The sync detect circuit 240 is described below. The sync detect circuit 240 is a circuit that monitors synchronization of output timing for outputting image data from the imaging devices 13 and 14. Each of the imaging devices 13 and 14 outputs horizontal/vertical sync signals, pixel clocks, and the like in conjunction with image data. The sync detect circuit 240 monitors horizontal/vertical sync signals output from the imaging devices 13 and 14 and issues the buffer-memory-readout-start command signal to the buffer-memory readout circuit 230 at an instant of completion of storing image data for a same line, which is output from the imaging devices 13 and 14, in the buffer memories 210-2 and 220-2.

In the example illustrated in FIG. 5, each of the buffer memories 210-2 and 220-2 assigned to one of the imaging devices 13 and 14 is configured to include line memories for four lines. With this configuration, out of synchronization of image data output from the imaging devices 13 and 14 is allowable by up to four lines. The sync detect circuit 240 determines whether sync signals output from the imaging devices 13 and 14 are in synchronization or not based on number of lines by which image data is out of synchronization. Specifically, conditionally on that output image data is out of synchronization by up to four lines, the sync detect circuit 240 issues the buffer-memory-readout-start command signal to the buffer-memory readout circuit 230 at an instant of completion of storing image data for a same line, which is output from the imaging devices 13 and 14, in the buffer memories 210-2 and 220-2.

Upon receiving the buffer-memory-readout-start command signal from the sync detect circuit 240, the buffer-memory readout circuit 230 starts reading out image data from the buffer memories 210-2 and 220-2. Specifically, in the example illustrated in FIG. 5, conditionally on that output image data is out of synchronization by four lines or less, the buffer-memory readout circuit 230 can read out image data for a same line in the time division manner by selecting line memories, in which the image data for the same line is stored, of the buffer memories 210-2 and 220-2 in rotation according to a fixed order. Accordingly, even when image data output from the imaging devices 13 and 14 is out of synchronization by a certain degree (specifically, up to four lines in the example illustrated in FIG. 5), it is possible to properly deliver the image data for the same line, which is output from the imaging devices 13 and 14, to the downstream image processing circuit 250.
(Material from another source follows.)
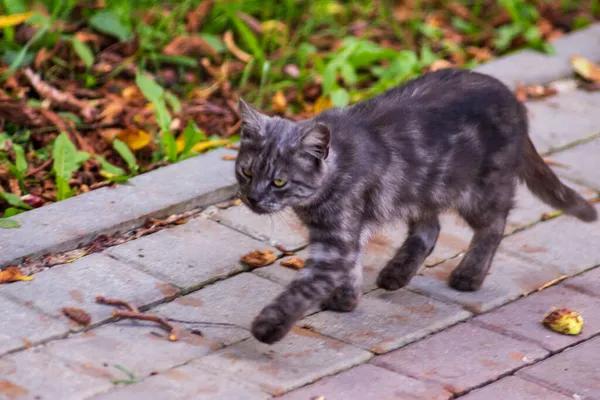Die Katze Sonnt Sich Herbst Garten — Stockfoto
On the other hand, if image data from the imaging devices 13 and 14 is out of synchronization by more than four lines, the sync detect circuit 240 sends a notification about occurrence of unallowable asynchronization to the CPU 40 (FIG. 2) via the bus I/F circuit 270. When the CPU 40 receives the notification about occurrence of unallowable asynchronization, the CPU 40 instructs the imaging control unit 30 (FIG. 2) to send a command for synchronization between output signals to the imaging devices 13 and 14. As a result, output signals from the imaging devices 13 and 14 are reset and synchronized to each other. In other words, the CPU 40 and the imaging control unit 30 function as a synchronization control unit that synchronizes output timing for outputting image data from the imaging devices 13 and 14.
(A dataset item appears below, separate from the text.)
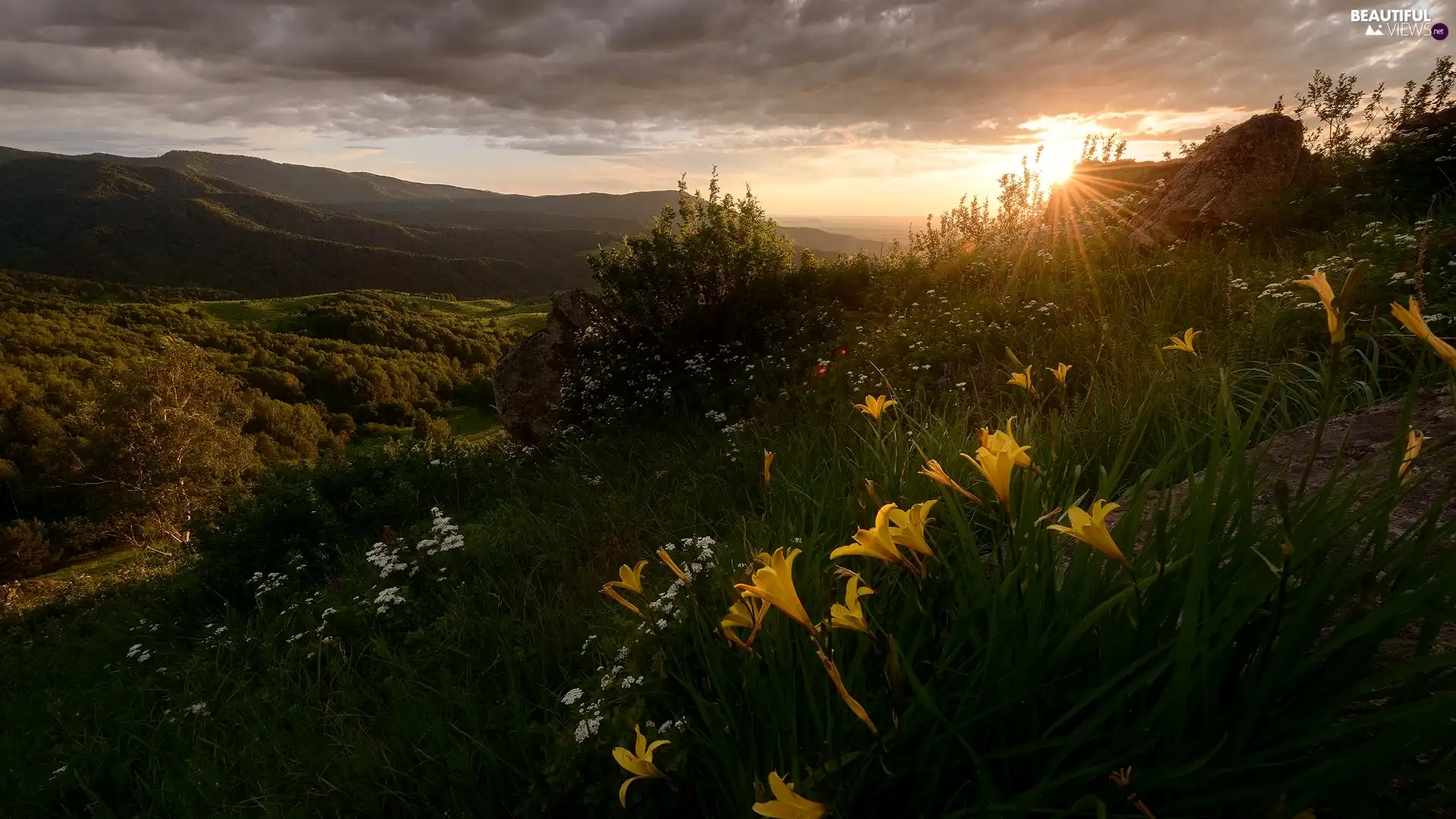 Flowers, Mountains, lilies, rays of the Sun, Yellow, Plants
Meanwhile, in the example illustrated in FIG. 5, each of the buffer memories 210-2 and 220-2 is configured to include line memories for four lines. However, the number of the line memories can be determined according to characteristics of the imaging devices (CMOS sensors or CCD sensors) and the like. Generally, it is desirable that each of the buffer memories 210-2 and 220-2 assigned to corresponding one of the imaging devices 13 and 14 includes line memories for n lines (n is an integer greater than one). Conditionally on that image data output from the imaging devices 13 and 14 is out of synchronization by n lines or less, the sync detect circuit 240 outputs the buffer-memory-readout-start command signal at an instant of completion of storing image data for a same line, which is output from the imaging devices 13 and 14, in the buffer memories 210-2 and 220-2. The sync detect circuit 240 outputs an out-of-sync signal when image data from the imaging devices 13 and 14 is out of synchronization by more than n lines.
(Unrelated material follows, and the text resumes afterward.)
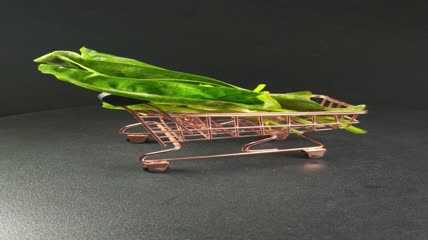 有机生态蔬菜菠菜4K实拍视频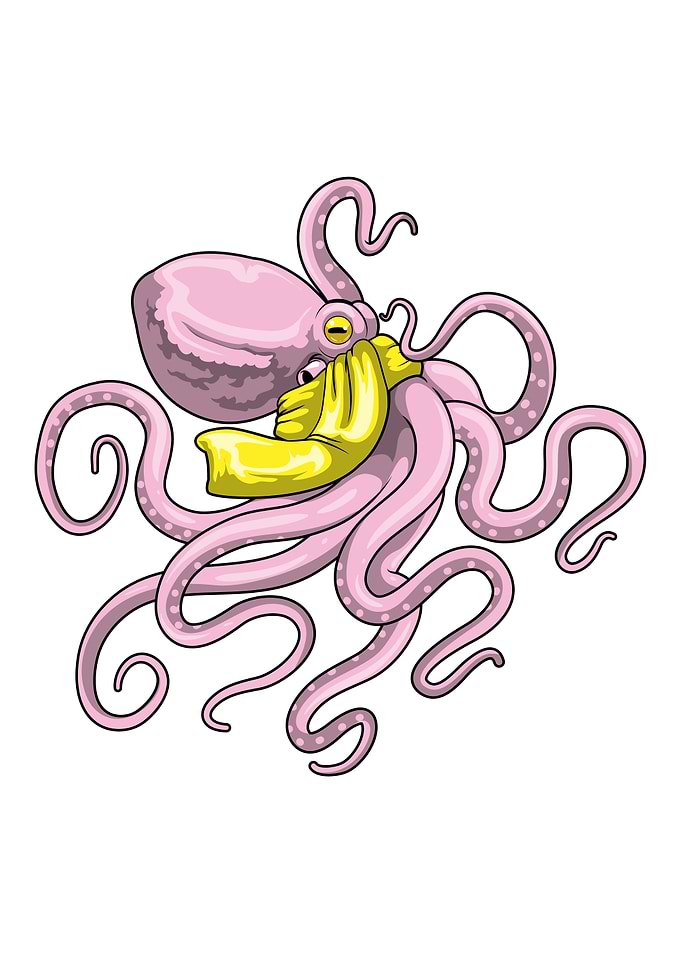 Octopus Scarf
Also in the second embodiment, write clock and read clock of the buffer memories 210-2 and 220-2 differ from each other in frequency in such a manner that the frequency of the read clock is m (m≧2) times as high as or higher than the frequency of the write clock. This setting allows the image processing circuit 250 to perform writing and reading to and from the buffer memories 210-2 and 220-2 line by line in real time without problem. When the frequency of the read clock is m times as high as the frequency of the write clock, image data is not overwritten before the image data is read out. It is possible to change the number of the line memories by changing the number of m.

FIG. 6 is a diagram illustrating how image data is transferred in the second embodiment. FIG. 7 is a diagram illustrating how image data is stored in the buffer memories 210-2 and 220-2. Signals are plotted in FIG. 6 against time on the horizontal axis.

In FIG. 6, signals output from the imaging device 13 are indicated in the top zone, in which Vsync A denotes a vertical sync signal (output only once at a leading end of each page of a two-dimensional image); Hsync A denotes a horizontal sync signal (output at a leading end of each line); DE_A denotes a data enable signal; and each of A(1), A(2), A(3), . . . denotes image data for one line. Signals output from the imaging device 14 are indicated in the middle zone, in which Vsync_B denotes a vertical sync signal; Hsync_B denotes a horizontal sync signal; DE_B denotes a data enable signal; and each of B(1), B(2), B(3), . . . denotes image data for one line. The imaging devices 13 and 14 also output pixel clocks.

As indicated in the top and middle zones of FIG. 6, it is assumed that the image data output from the imaging devices 13 and 14 is out of synchronization by two lines.

Each of the image data output from the imaging devices 13 and 14 is sequentially stored in the line memories of corresponding one of the buffer memories 210-2 and 220-2 line by line. FIG. 7 illustrates how the image data is stored. Meanwhile, the sync detect circuit 240 monitors whether sync signals output from the imaging devices 13 and 14 are in synchronization or not. Specifically, the sync detect circuit 240 monitors synchronization of output timing for outputting image data from the imaging devices 13 and 14, and issues the buffer-memory-readout-start command signal to the buffer-memory readout circuit 230 at an instant of completion of storing image data for a same line, which is output from the imaging devices 13 and 14, in ones of the line memories of the buffer memories 210-2 and 220-2.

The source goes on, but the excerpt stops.